The world has become a more negative place in which to live these past few years. With the drop in social graces, the disrespect for rules and laws, the lowering of moral standards (compare advertising 30 years ago and advertising nowadays if you have any doubts whatsoever) and more, is it any wonder that people are becoming more abrupt?
Back in the day (and I’m talking a hundred plus years ago, not a couple of generations back), one could be politely abrupt without ruffling any feathers. Back in the day, it was acceptable to answer your front door when someone came calling without advance notice and to inform the person at your front door that you were not “in.” It was obvious to both parties that whoever was not “in” was most assuredly physically “in” however it was also understood by that statement that it was not a convenient time for the visitor to expect the person called upon to accommodate the visitor’s unexpected visit.
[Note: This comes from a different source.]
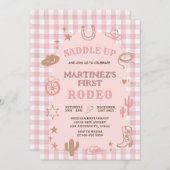 Gingham Pink Girl My First Rodeo Cowgirl Birthday 招待状 (正面/裏面)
These days, there’s voice mail, e-mail, Bluetooth and Blackberry options, YouTube, tweets, status updates on Facebook and MySpace, Skyping, texting and so much more. People are inundated with technology and nearly everyone expects everyone else to accommodate their unexpected technological visits without consideration for the fact that their unexpected technological visits may be intruding on another person’s time and space.
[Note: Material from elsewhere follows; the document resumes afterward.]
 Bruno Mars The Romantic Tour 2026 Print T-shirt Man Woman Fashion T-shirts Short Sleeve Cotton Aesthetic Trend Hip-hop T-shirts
This is surely the Instant Gratification era.
Oftentimes, complete strangers have commented negatively — and without invitation to insert themselves into my space — that it’s horrible that I obviously do not have ‘texting’ ability with my cellphone. I don’t want it; I don’t need it. Passing acquaintances bellow at me for not answering my front door when it is obvious I am at home just because they feel I should listen to inconsequential comments right at that moment — because it’s convenient for them — that have nothing whatsoever to do with me and that have no impact on my life.
There isn’t anything so important in life that it can’t wait for the right time and the right mode of communication.
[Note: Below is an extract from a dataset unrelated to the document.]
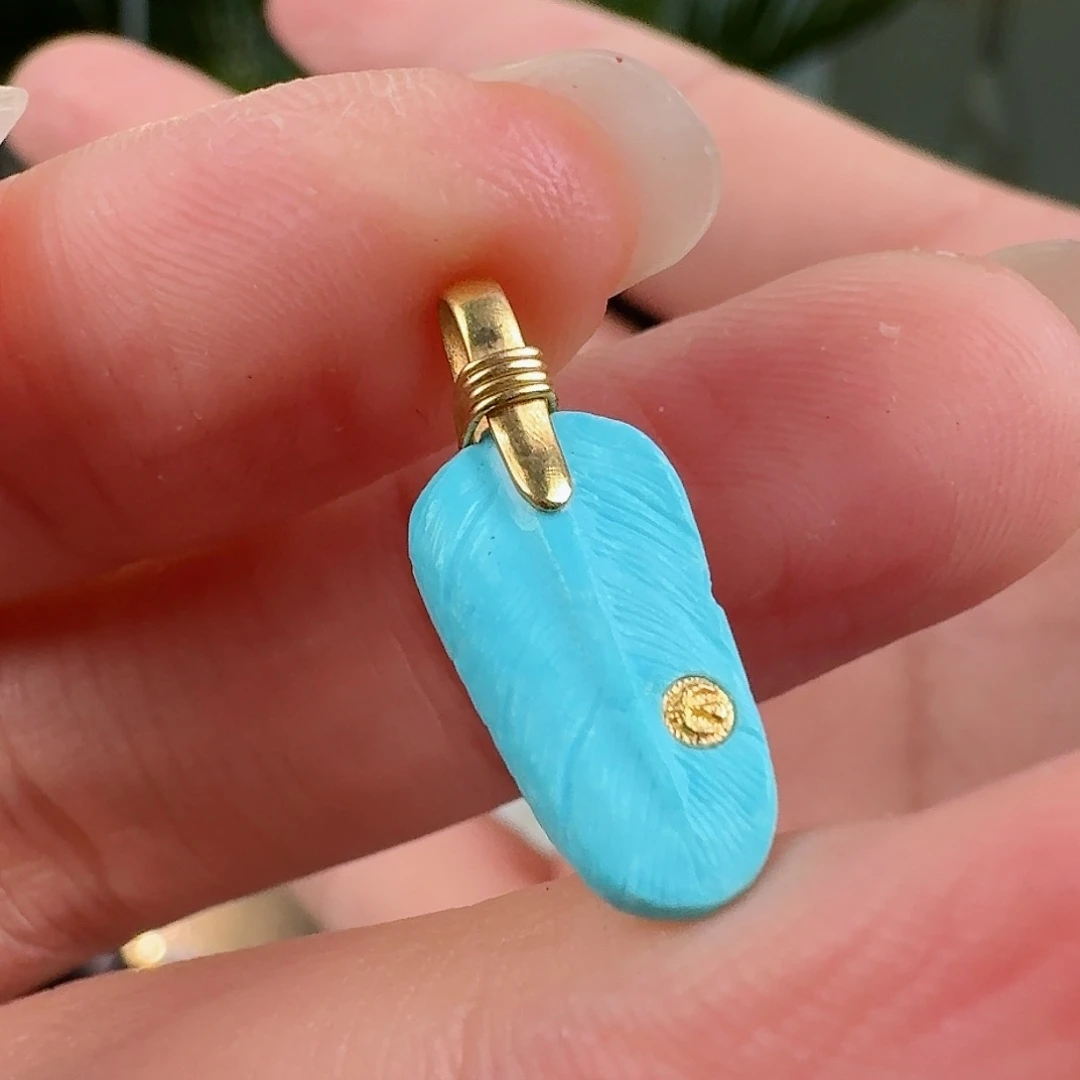 绿松石珠宝奇石18K金镶嵌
It’s not that I don’t care about others because I most assuredly do. However, there’s a time and a place for everything and this is what has been lost in the headlong run towards technological over-connectivity.
The simple pleasures of finding a real handwritten letter in the mailbox from a friend or answering a long distance phone call from someone living abroad have been cut short or obliterated completely thanks to over-connectivity. While I have felt this way for quite some time, the point was driven home some months ago when I unexpectedly received a handwritten letter from my best friend who lives in the United States.
What this letter said before I even opened the envelope was that I was important to my friend … important enough to invest time and effort into sitting down, picking up pen and paper, and actually investing one’s self in writing the letter. I was important enough to that friend to have the letter carefully folded, caringly inserted into the envelope where the address was also handwritten and purposely taken to a post office where it was stamped and handed to U.S. Postal Service for delivery.
Anyone can text. Anyone can email. But it takes a lot of special consideration to deliberately write and send a handwritten letter to someone else.
Remember this the next time you want to make someone feel special. It isn’t the big things in life that always stand out the most in people’s minds but rather the important little things that make lasting impressions.
Isn’t it about time people ‘cut it out’ and made use of old technology a little more often? I think so.